# Verify this...EPS/C50 sizing issues



## nealrab (Aug 6, 2002)

OK need some help with this...you guys were really helpful with my last posting so here goes. There will be True/False questions here...
(1) 2010 EPS geometry is different than previous C50/EP frames [T/F]
(2) C50 geometry remains unchanged through all incarnations (~'03 thru '10) [T/F]
(3) Sizing across model lines may vary for any specific individual especially when considering sloping frames [T/F]

And here's my basic query: Given that I am a 57 trad on an '08 EP (and happy with that), and am in a low priority search for either a C50 or an EPS in the same size, is it possible that if I widened my search parameters to include sloping frames, the sizing may vary based on the year/model of the C50 or EPS??

My belief is that I would be best suited for the 57 trad across the board...but if, for example, a later model C50 ('08 - '10) showed up somewhere with low miles in primo condition I might be tempted to look at a 54s frame. It might be a smidge larger than I'd like ideally, but I could do it given my riding style and proportions. The HT=165 compared to the 158 on the 57 trad (which would be good), and the ETT=563 cf. 557. The 52s would be a smidge too cramped for my liking with a very short HT=153 and short ETT=550. So for ALL the C50's I think this sizing would be accurate unless I've miscalculated.

However, for an EPS (and a C59 also I think) everything changes...My newer charts show that I would be OK with a 52s possibly. This could be the case since the HT=161 and WB=1000...slightly longer WB (not much) but taller HT. The 54s on the EPS shows HT=177 and WB=1005 with ETT=565 (maybe too much now on the ETT length). So the 54s now seems to be lengthening out...HT, ETT, WB. I might actually be a better fit with the 52s, but only on the EPS/C59. I would still lean towards the 54s on the C50.

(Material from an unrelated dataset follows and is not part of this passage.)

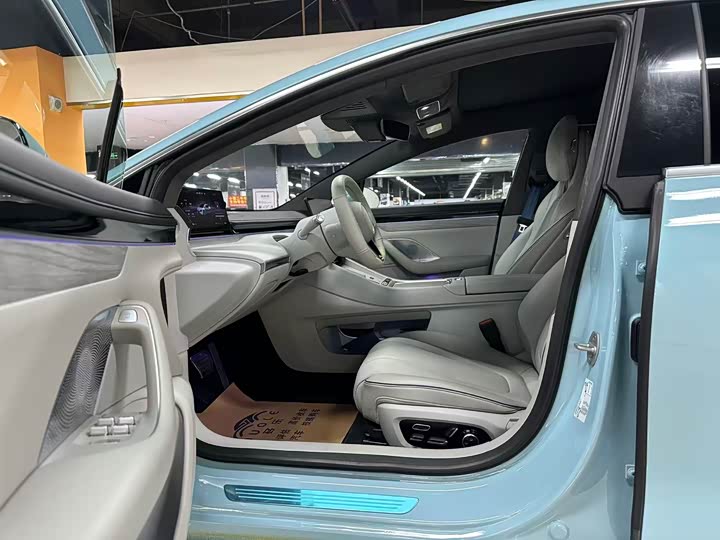 Фото 5 - Luxeed S7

Am I reading this all correctly? Or have I missed some valuable bit of data somewhere in my musings?? Thanks for any input. As I say, this is all hypothetical at this point, since I have no real options under consideration at the moment. I just want to have all options on the table and ready to put into operation should the opportunity arise at some point.


----------



## Maverick (Apr 29, 2004)

(1) 2010 EPS geometry is different than previous C50/EP frames [T/F]
>> Yes, EPS and C50 has slight difference in geometry due to tube diameter differences. 

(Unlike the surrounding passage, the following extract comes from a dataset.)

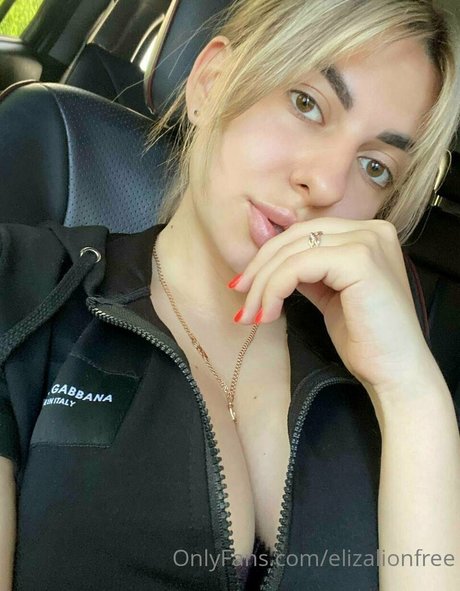 candyadria modelo porno archivo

(2) C50 geometry remains unchanged through all incarnations (~'03 thru '10) [T/F]
>>Yes you're right. However the later C50 (most likely post yr2009) has is BSA threaded bottom bracket. 

(3) Sizing across model lines may vary for any specific individual especially when considering sloping frames [T/F]
>>Correct. Do some cross referencing, not many shops are aware of the minute changes and may most likely post an incorrect info. I have a PDF file on EP/C50 geometry from a Colnago catalogue, send me a PM with your email if you need one. 

cheers!


----------



## nealrab (Aug 6, 2002)

Thanks for the info Mav...I PM'd you as the catalogue geometry charts would be great to have as a comprehensive reference guide for sizing. I also found that retailers usually provide either an abbreviated chart for sizing or the wrong chart for the model pictured. It is a bit disconcerting, since I can't be sure what is exactly correct. It took many searches to compile some data and lead me to the statements above. I still lean towards the 57 trad...but if a 54s C50 showed up OR a 52s EPS, I'd like to be prepared to make an "informed" decision based on totally accurate specs. Every couple of mm's count when it comes to fit. The significantly taller HT on the newer EPS could possibly sway me towards a slightly smaller frame. I'd have never figured that out given the wrong chart dimensions from an EP or a C50.


----------